Five of the train's 7 cars derailed in the accident. The train was carrying about 580 passengers.

Rescuers in hard hats clustered near the twisted remains of the front two cars, one of which had been smashed to less than half its normal width, using cutters and ladders to get inside.

Railway officials said that calculations had shown that a train could derail if it were traveling at nearly twice the speed limit at the site where the accident occurred.

Passenger Tatsuya Akashi, who had been on his way to work, told public broadcaster NHK it felt as if the train had speeded up as it went around a curve.

"I thought there were some strange swings, and then the train derailed. No one knew what happened and everyone kept screaming," he said.

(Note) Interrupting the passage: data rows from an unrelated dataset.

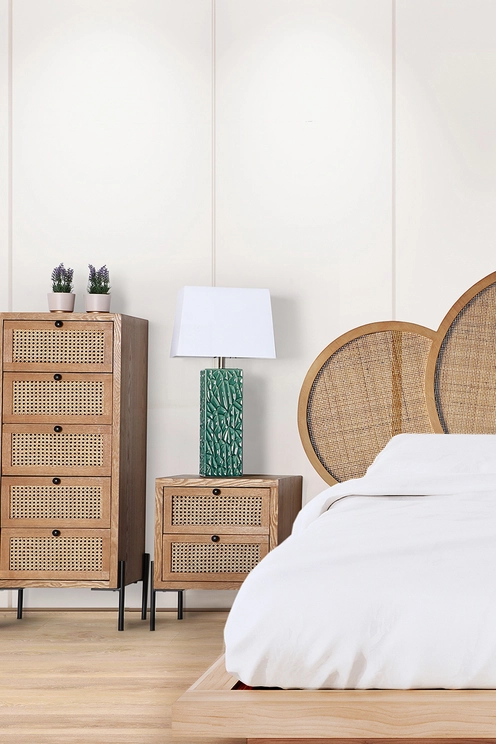 Sinfonier Zetel, madera en color marrón, patas metálicas color negro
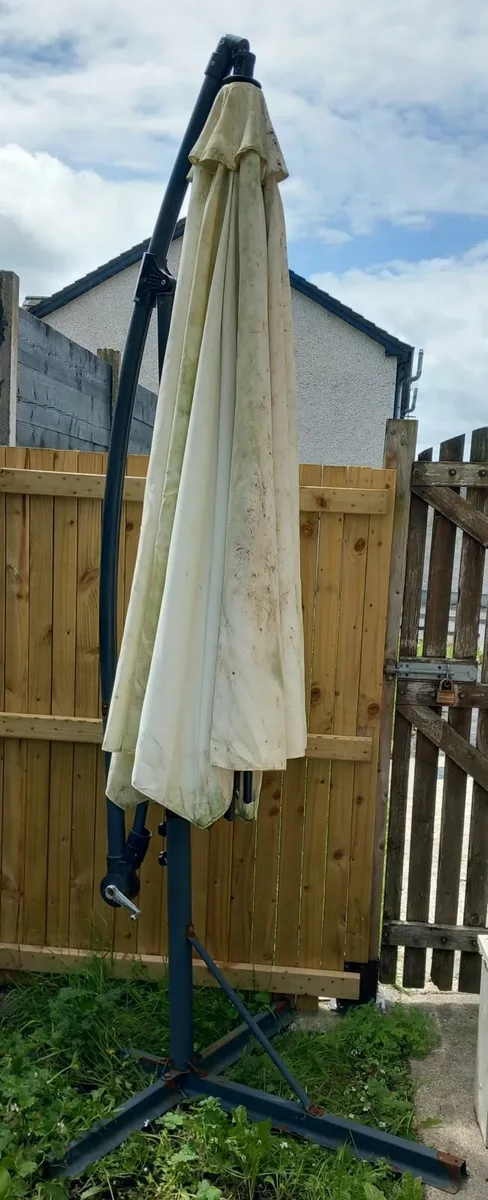 Garden parasol 3.5M wide FREE TO COLLECT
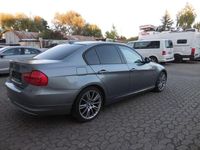 Gebraucht BMW 320 170 PS (125 kW) 2011 Grau Limousine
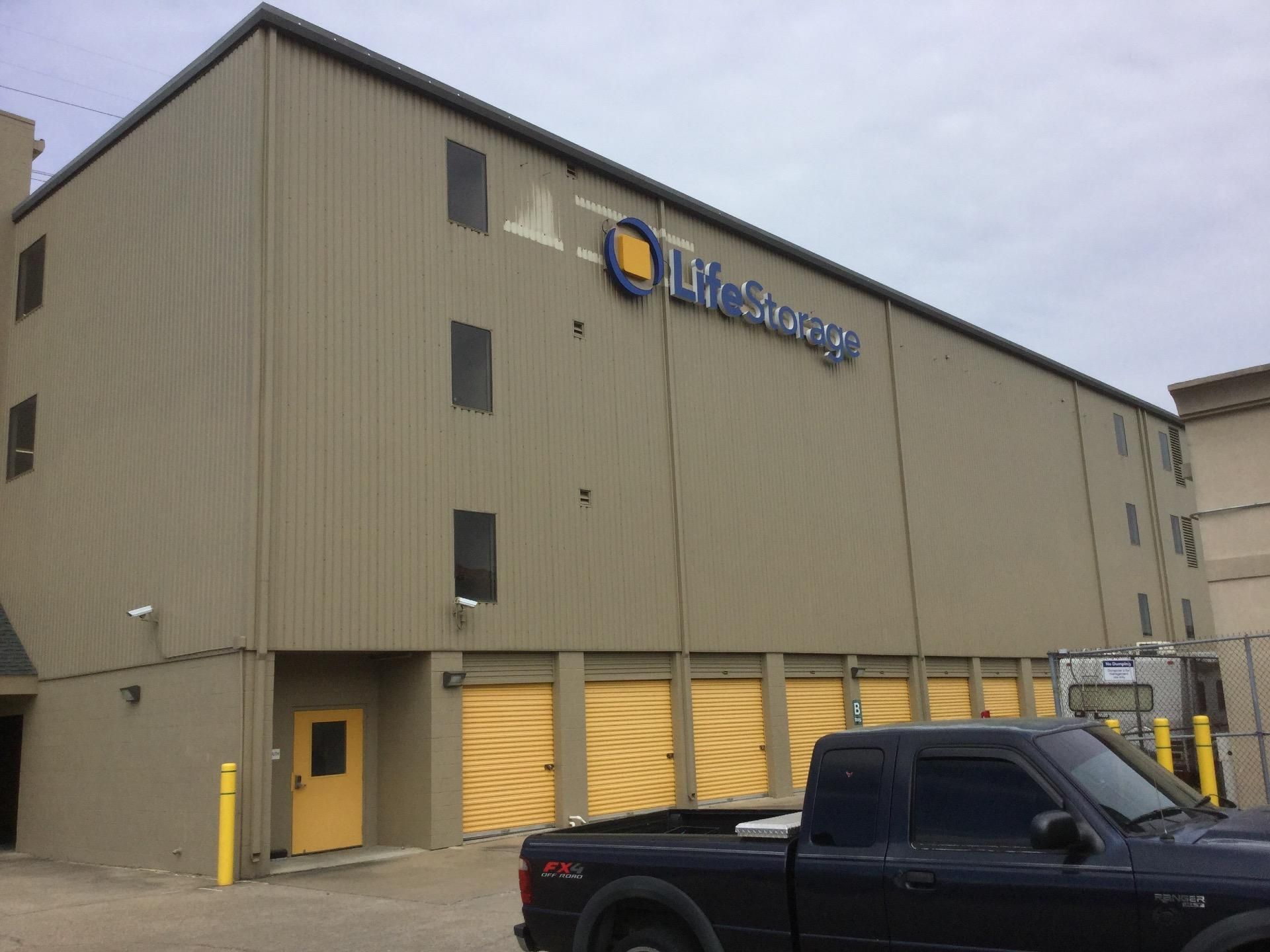 Extra Space Storage  2010 Wilcrest Dr in Houston, TX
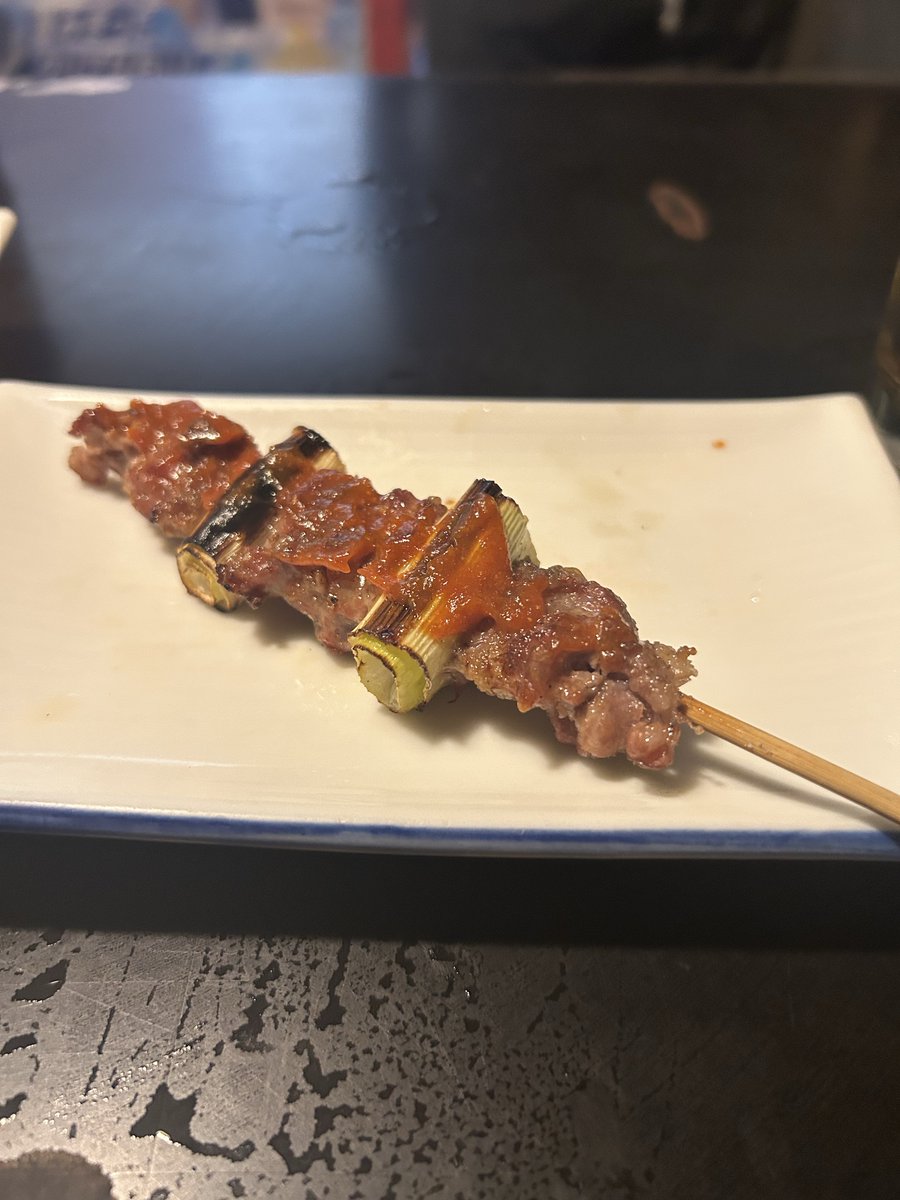 tebiyama's tweet photo. おはようございます。シルバーウィーク明け、本日から営業再開。連休は少し足を伸ばして埼玉まで行ってきました。埼玉の東松山の焼き鳥。焼き鳥と言っても豚のカシラ肉に串を打ったもの。本当に美味しかった。その地域の美味しいものを食べるのは旅行の醍醐味。うちの鰹節もそうありたいと思いました。 https://t.co/QzvGeg6FeL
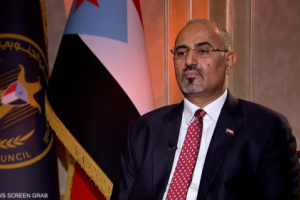 عمرو البيض: الرئيس الزُبيدي لم يغادر عدن وسيبقى إلى جانب شعبه 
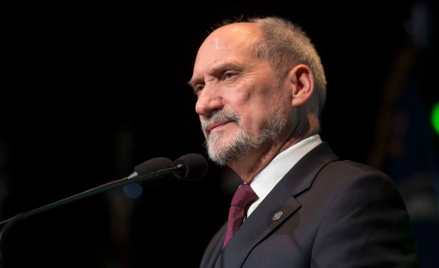 Szef MON Antoni Macierewicz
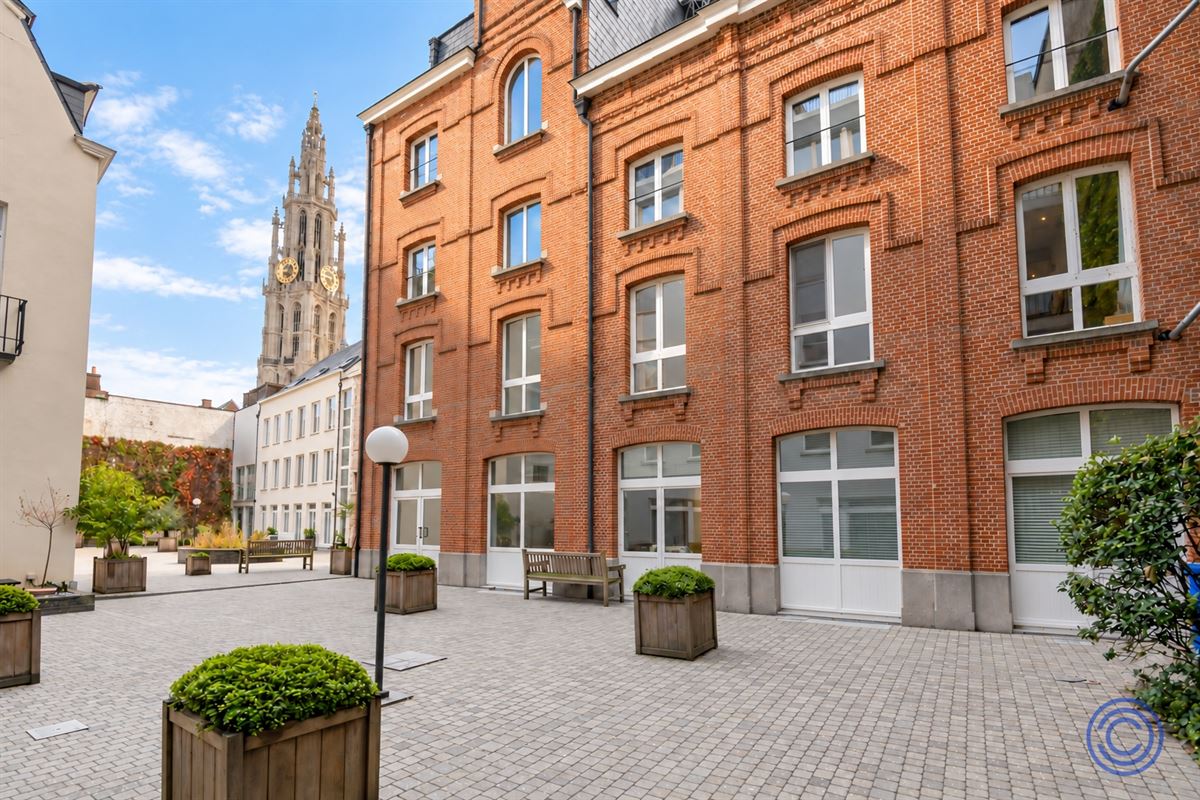 Karaktervol appartement van 195 m² met terras aan de voet van de kathedraal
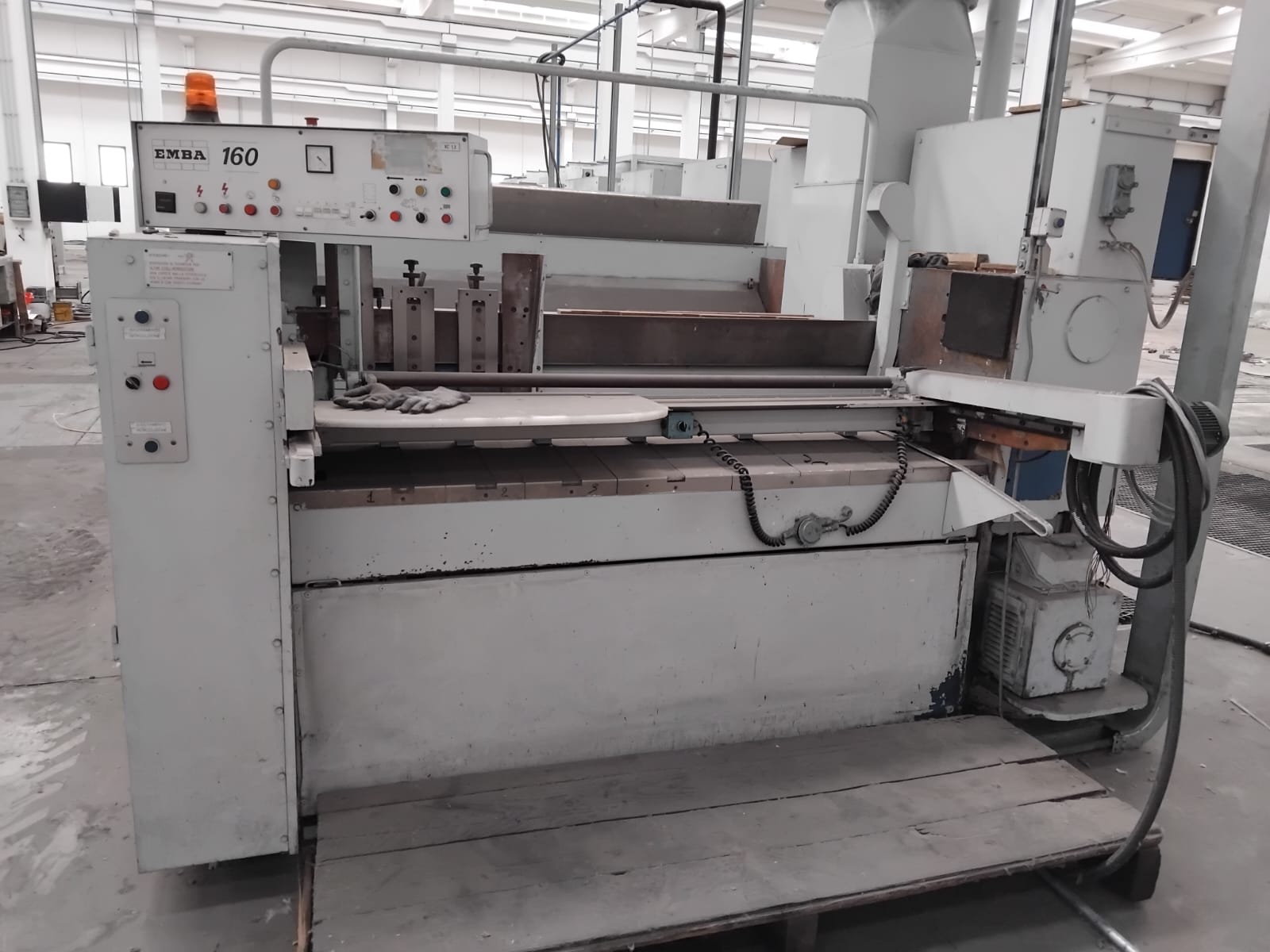 Machine d'impression EMBA Casemaker Vacuum forming
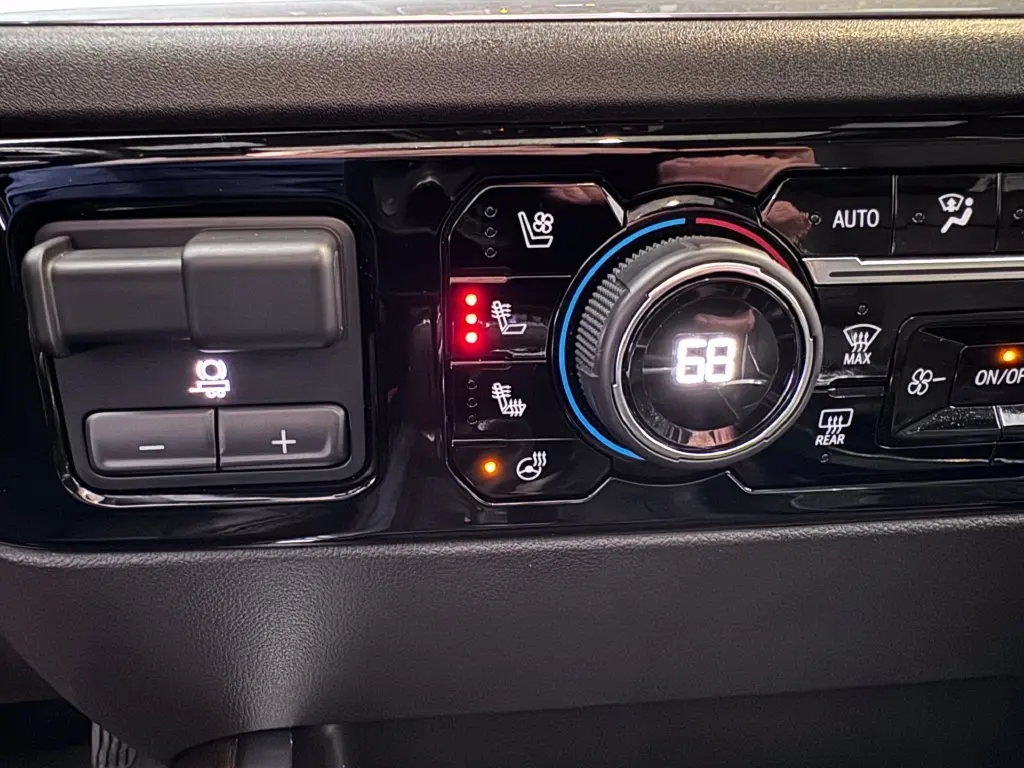2023 Chevrolet Silverado - $51,987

It was the worst train accident in Japan since 1963 when about 160 people were killed in a multiple train collision at Yokohama, near Tokyo.

OVER-SHOT STATION

"There was no side to the car any more, and bleeding people were crawling out. I heard others screaming 'it hurts, it hurts,"' a woman in her 20s told NHK.

Soldiers from Japan's Self-Defense Forces were sent to the scene to help with rescue efforts.

Operator West Japan Railway Co. (JR West) said the cause of the derailment was under investigation but it confirmed that the train had over-shot the station at its previous stop.

"The priority for now is to rescue the passengers," West Japan Railway President Takeshi Kakiuchi told a news conference.

Company officials said the train's driver was a 23-year-old man with 11 months experience who had over-shot another station last year. His fate was unknown.

Satoru Sone, a professor at Kogakuin University, told NHK that the over-run might have indicated a problem with the brakes.

"Then, when they tried to put on the emergency brakes, the wheels could have locked," he added.

Officials said the speed limit at the site of the accident was 70 km (44 miles) per hour. Calculations showed derailments were possible at a speed of 133 km per hour, they said, although they did not know how fast the train had been going.

"The train over-ran a stop at the previous station and so it backtracked," a visibly shaken man in his 20s, his face bloodied, told NHK. "So I guess the driver was in a hurry because the train was running late.

"The train was moving so fast, we hit a turn and I didn't think we'd make it," he added.

Japanese trains generally have a good safety record.

In Japan's last major accident, in March 2000, five people were killed and 33 were hurt when a Tokyo subway train ripped away the side of a carriage of an oncoming train that had derailed in its path during rush hour.

In May 1991, 42 people were killed and more than 600 injured in a crash in Shigaraki, western Japan.

Shares in JR West closed down 3.6 percent in a slightly higher overall market.


----------